**Exercise brief:**
Each line of the listing that includes the string "Pendant" is to be identified and copied.

**Entries provided:**
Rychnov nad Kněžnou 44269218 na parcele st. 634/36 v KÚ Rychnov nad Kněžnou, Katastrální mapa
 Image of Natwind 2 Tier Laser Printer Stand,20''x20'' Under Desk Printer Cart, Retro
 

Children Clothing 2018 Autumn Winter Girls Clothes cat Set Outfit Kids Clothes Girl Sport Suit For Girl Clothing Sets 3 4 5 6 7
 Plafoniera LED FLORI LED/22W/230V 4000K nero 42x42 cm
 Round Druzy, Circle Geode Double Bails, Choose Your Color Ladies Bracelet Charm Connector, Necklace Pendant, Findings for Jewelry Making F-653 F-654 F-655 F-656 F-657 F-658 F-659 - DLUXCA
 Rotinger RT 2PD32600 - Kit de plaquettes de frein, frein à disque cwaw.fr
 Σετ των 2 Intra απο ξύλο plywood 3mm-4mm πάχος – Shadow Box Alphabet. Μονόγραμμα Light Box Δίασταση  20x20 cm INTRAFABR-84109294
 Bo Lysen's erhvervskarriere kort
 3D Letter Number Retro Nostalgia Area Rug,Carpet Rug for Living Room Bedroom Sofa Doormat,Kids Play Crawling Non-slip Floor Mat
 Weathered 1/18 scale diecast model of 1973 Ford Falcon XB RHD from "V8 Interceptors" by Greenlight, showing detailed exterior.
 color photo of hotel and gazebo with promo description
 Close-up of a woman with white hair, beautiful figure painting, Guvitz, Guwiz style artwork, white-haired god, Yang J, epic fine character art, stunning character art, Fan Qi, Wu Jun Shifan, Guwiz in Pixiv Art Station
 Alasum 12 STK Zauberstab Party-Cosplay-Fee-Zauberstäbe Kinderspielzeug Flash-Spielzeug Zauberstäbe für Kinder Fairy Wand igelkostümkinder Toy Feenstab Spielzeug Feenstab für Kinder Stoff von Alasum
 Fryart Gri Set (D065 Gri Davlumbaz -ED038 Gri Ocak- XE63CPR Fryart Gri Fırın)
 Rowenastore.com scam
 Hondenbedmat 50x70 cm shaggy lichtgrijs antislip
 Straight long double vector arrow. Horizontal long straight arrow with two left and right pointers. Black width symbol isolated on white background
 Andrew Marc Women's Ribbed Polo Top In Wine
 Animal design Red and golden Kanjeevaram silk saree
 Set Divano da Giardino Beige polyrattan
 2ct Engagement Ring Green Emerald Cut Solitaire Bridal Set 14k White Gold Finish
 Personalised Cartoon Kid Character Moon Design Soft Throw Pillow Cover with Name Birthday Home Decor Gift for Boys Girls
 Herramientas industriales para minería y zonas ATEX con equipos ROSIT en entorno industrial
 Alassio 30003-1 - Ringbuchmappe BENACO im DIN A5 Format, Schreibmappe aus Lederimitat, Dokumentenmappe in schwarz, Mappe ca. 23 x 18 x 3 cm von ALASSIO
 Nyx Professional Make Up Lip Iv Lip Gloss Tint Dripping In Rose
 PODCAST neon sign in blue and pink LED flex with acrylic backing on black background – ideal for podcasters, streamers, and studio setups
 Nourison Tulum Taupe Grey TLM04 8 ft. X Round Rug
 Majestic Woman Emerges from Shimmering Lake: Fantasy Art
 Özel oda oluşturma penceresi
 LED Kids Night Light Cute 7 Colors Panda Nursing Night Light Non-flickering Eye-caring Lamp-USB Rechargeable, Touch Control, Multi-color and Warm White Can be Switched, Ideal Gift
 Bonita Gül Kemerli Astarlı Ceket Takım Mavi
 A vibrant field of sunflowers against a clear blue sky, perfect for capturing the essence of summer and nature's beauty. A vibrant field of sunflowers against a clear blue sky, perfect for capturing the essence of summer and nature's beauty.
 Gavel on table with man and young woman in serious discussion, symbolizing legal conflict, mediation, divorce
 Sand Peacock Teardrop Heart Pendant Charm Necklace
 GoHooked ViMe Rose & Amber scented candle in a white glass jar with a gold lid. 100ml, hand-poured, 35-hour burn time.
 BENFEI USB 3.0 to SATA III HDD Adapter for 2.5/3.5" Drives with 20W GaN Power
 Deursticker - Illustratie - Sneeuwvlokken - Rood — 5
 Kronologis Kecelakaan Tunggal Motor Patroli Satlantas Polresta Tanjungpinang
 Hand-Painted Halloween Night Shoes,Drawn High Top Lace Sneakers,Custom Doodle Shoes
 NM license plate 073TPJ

**Result:**
 Round Druzy, Circle Geode Double Bails, Choose Your Color Ladies Bracelet Charm Connector, Necklace Pendant, Findings for Jewelry Making F-653 F-654 F-655 F-656 F-657 F-658 F-659 - DLUXCA
 Sand Peacock Teardrop Heart Pendant Charm Necklace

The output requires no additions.